Debate Magazine

Oscar Nominee Julianne Moore is a Gun-control Pro-abortion Atheist

By Eowyn @DrEowyn

Julianne Moore

Here’s another Hollyweirdo to shun.

I’ve avoided anything with Julianne Moore in it ever since I made the mistake of watching The Hours, the repellent critically-acclaimed 2002 movie about three self-indulgent, utterly-selfish feminists women which garnered 9 Oscar nominations. Now I have 3 additional reasons to shun Moore.

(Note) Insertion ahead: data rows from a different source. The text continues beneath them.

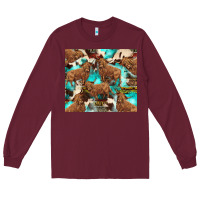 Burgundy astec cowhide highlands cow Long Sleeve Tee - BarkalooDesign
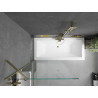 Mexen Cube rectangular bathtub 180 x 80 cm with casing and 1-wing screen 90 cm, transparent, gold - 550518080X9509000050
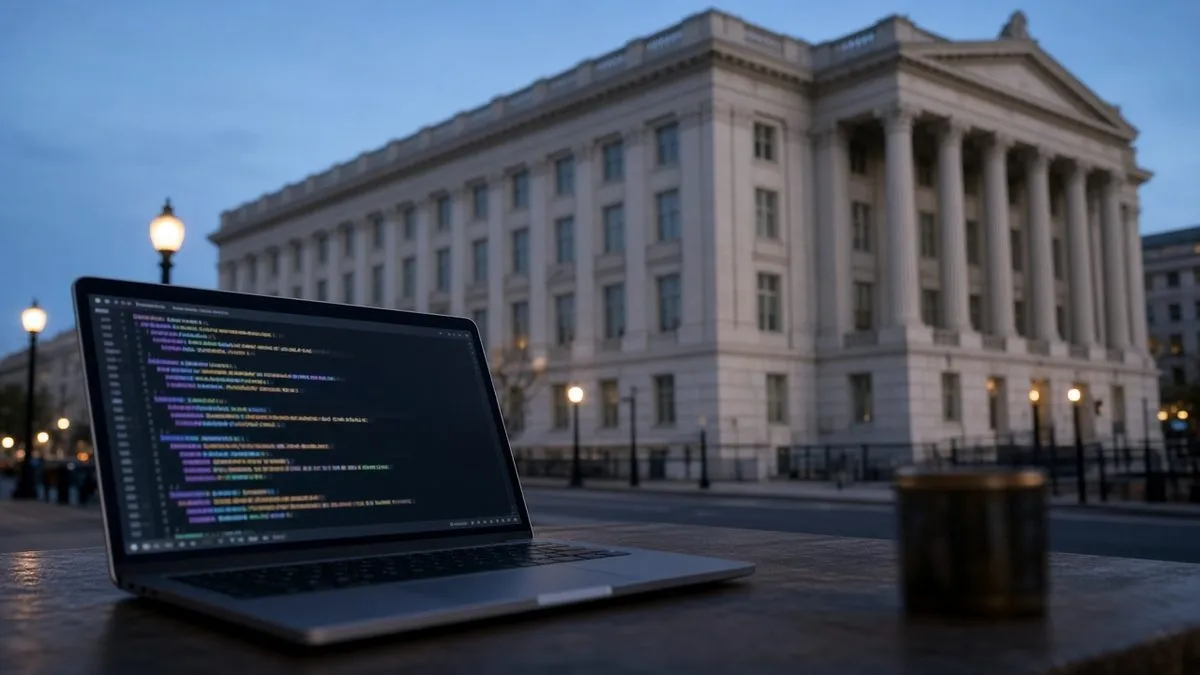 Neoclassical federal government building in Washington at dusk, with a laptop showing code on a table in the foreground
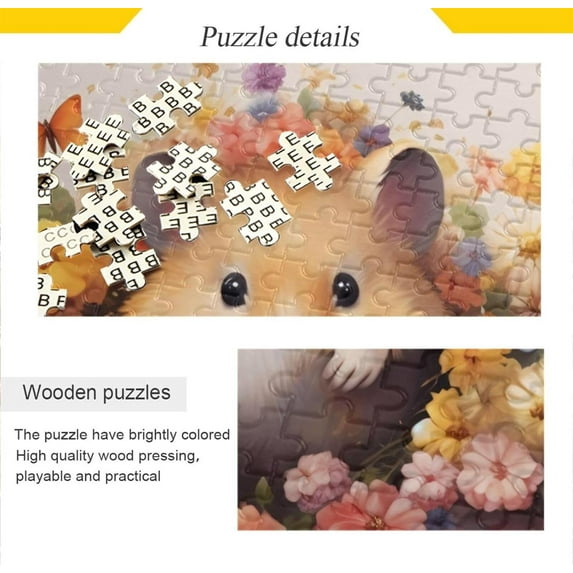 Wooden Jigsaw Puzzle 1000 Pieces Hamster Flower Print, Zigsaw with Alphabet Partition Storage Bag Easy to Solve, Fun Family Game Creative Gift for Friends Parents Grandparents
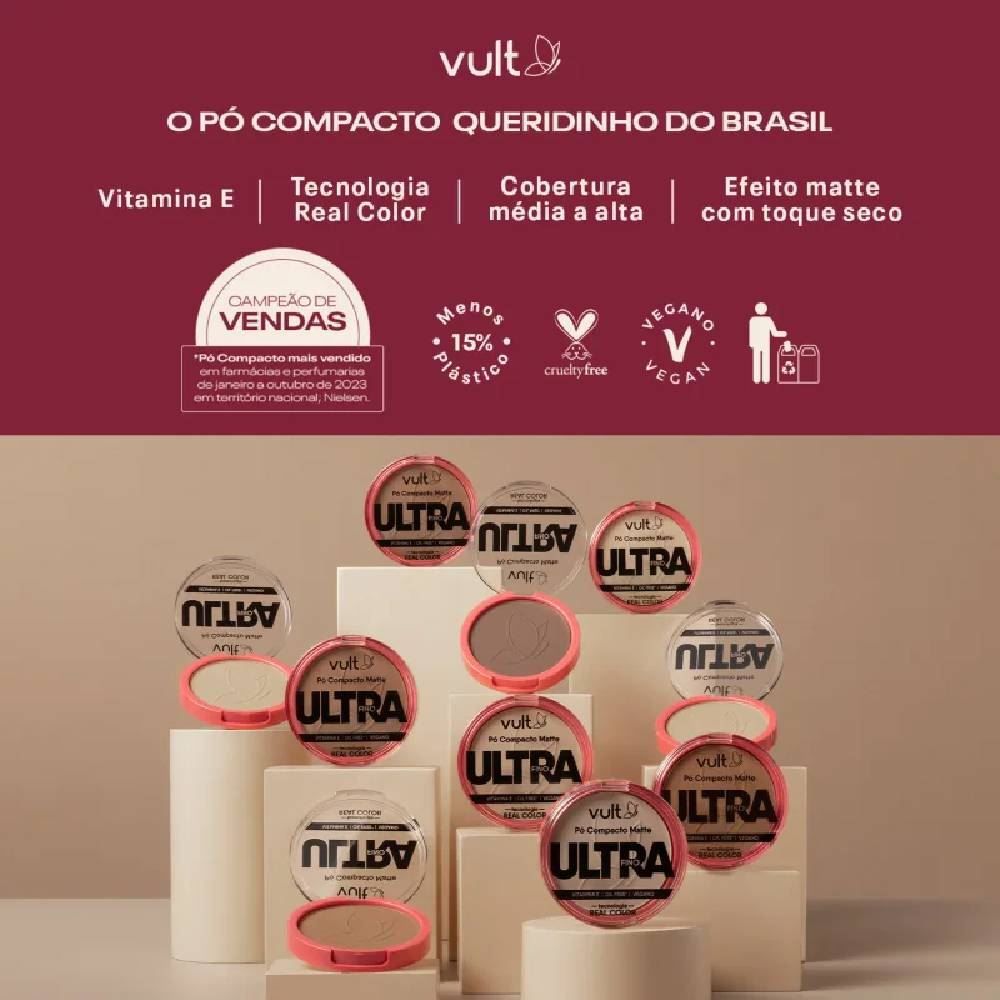 Pó Compacto Matte Ultrafino V440 Vult - Médio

I read this very long, butt-kissing puff piece by Stephen Galloway for The Hollywood Reporter so that you don’t have to read it. Here are the relevant excerpts, beginning with the sickening flattery:

Choosing to live in New York, she [Julianne Moore] has built an enviable private life, with a 19-year (and counting) relationship and two kids. On the career front, she has defied one of the truisms of Hollywood — that an actress is finished at 40 — and has done much of her best work since then: 2002’s Far From Heaven and The Hours and 2006’s Children of Men…. Moore also has established herself as a beauty and fashion icon, signing seven-figure deals with such brands as L’Oreal and Bulgari.

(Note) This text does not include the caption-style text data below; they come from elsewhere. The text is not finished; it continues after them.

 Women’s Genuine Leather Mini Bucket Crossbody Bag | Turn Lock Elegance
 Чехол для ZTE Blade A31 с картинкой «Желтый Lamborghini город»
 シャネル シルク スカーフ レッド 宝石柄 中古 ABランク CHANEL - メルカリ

And so, at age 54, she finds herself very comfortable in the spotlight. She already has racked up Golden Globe and SAG Awards for her performance in Still Alice as a college professor suffering from early-onset dementia, and many Academy Awards prognosticators pick her as the favorite for best actress, which would be her first win in five career nominations….

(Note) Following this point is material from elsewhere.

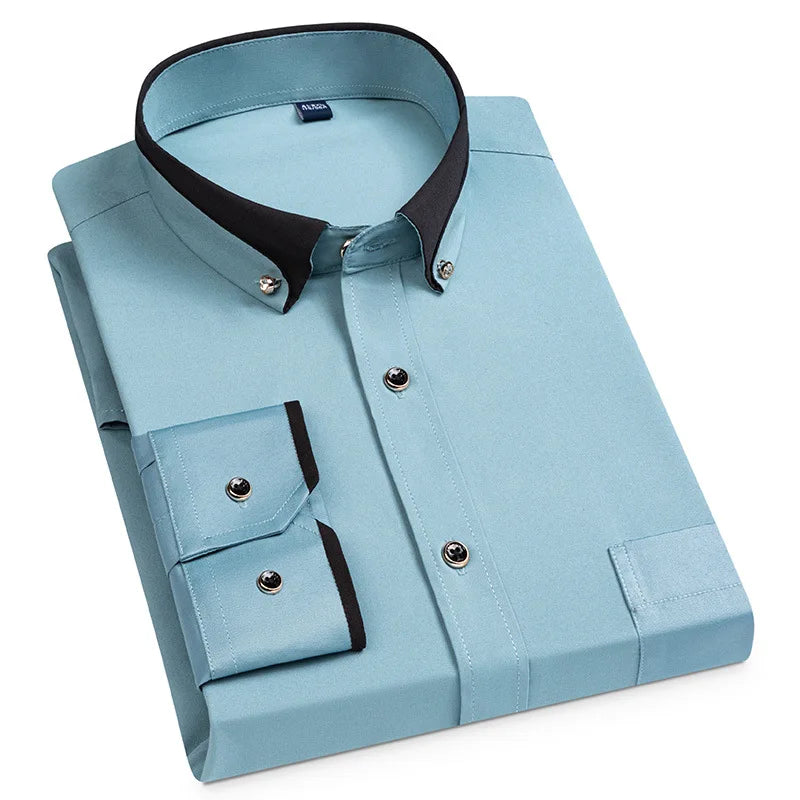 For Men'S Business Dress Shirts Male Formal Button-Down Social Collar Camisa Social Elastic Anti-Wrinkle Casual Men Shirt Pocket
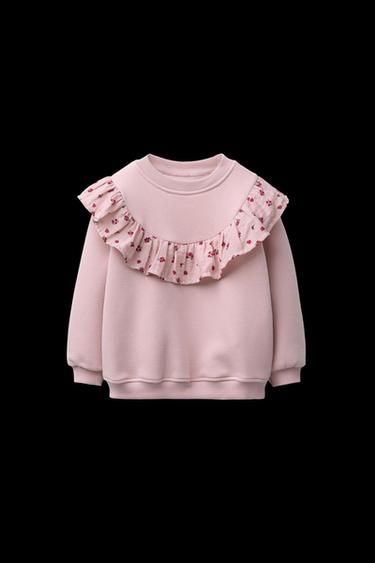 Zara FLORAL RUFFLE SWEATSHIRT - Light pink - Image 0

“The idea that you’re the center of your own narrative and that you can create your life is a great idea,” she says…. “I totally believe it. I’ve been really lucky, but I feel I’ve completely created my own life.”

…She’s a writer, too: In 2007, she published the best-selling children’s book Freckleface Strawberry, and she now has a five-book contract with Random House (all works for children), with the first, Backpacks, due out in July.

…She says she makes friends readily. “I fell in love with Ellen Page,” she notes of her co-star in the upcoming Freeheld. “She’s a new friend. Ellen Barkin is an old friend. Anybody named Ellen.”

Despite her ease, she doesn’t want for strong opinions and has drawn angry responses to her tweets in favor of Planned Parenthood and gun control. “I get more reactions on Twitter about gun safety than anything else,” she says. “I don’t understand how we’re threatening the Second Amendment because we’re talking about gun safety rules. That, to me, is really shocking.”

…Turbulence is not unknown to her; she acknowledges that a peripatetic childhood left its share of instability, and she returns over and over to the theme of impermanence. She says she doesn’t believe in God and has a strong sense that meaning is imposed on a chaotic world.

“I learned when my mother died five years ago that there is no ‘there’ there,” she reflects. “Structure, it’s all imposed. We impose order and narrative on everything in order to understand it. Otherwise, there’s nothing but chaos.

More blah, blah, blah here.

Just remember if you fork over your hard-earned money to watch any movie or TV with Julianne Moore in it, or buy L’Oreal cosmetics or Bulgari watches, you are enabling her to use the media to spread her pro-abortion, gun control and atheist propaganda.